## WHAT YOU ARE ASKED TO DO
Your answer should hold exactly the lines from the line containing "portada bayard taylor (en Inglés)" through the end of the entries that follow.

· · · · ·

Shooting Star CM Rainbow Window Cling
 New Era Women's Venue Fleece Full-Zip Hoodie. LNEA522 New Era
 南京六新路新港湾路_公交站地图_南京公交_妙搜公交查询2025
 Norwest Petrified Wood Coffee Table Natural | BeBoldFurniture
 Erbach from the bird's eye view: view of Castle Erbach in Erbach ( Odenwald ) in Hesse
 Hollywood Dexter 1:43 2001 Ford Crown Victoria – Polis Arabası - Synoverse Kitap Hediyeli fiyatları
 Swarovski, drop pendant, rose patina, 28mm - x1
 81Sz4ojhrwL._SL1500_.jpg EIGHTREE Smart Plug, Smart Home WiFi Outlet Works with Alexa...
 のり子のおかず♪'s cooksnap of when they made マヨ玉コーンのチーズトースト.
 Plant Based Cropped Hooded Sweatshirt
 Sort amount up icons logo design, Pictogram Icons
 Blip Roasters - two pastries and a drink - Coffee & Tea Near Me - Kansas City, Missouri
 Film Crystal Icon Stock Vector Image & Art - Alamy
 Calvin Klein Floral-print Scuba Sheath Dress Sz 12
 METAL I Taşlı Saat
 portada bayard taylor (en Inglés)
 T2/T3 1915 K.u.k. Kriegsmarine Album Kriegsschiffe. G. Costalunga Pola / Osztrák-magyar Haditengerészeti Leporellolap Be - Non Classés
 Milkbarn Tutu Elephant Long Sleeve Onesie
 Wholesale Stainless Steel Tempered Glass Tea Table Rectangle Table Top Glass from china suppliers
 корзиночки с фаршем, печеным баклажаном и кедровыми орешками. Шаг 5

· · · · ·

## RESULT BELOW
 portada bayard taylor (en Inglés)
 T2/T3 1915 K.u.k. Kriegsmarine Album Kriegsschiffe. G. Costalunga Pola / Osztrák-magyar Haditengerészeti Leporellolap Be - Non Classés
 Milkbarn Tutu Elephant Long Sleeve Onesie
 Wholesale Stainless Steel Tempered Glass Tea Table Rectangle Table Top Glass from china suppliers
 корзиночки с фаршем, печеным баклажаном и кедровыми орешками. Шаг 5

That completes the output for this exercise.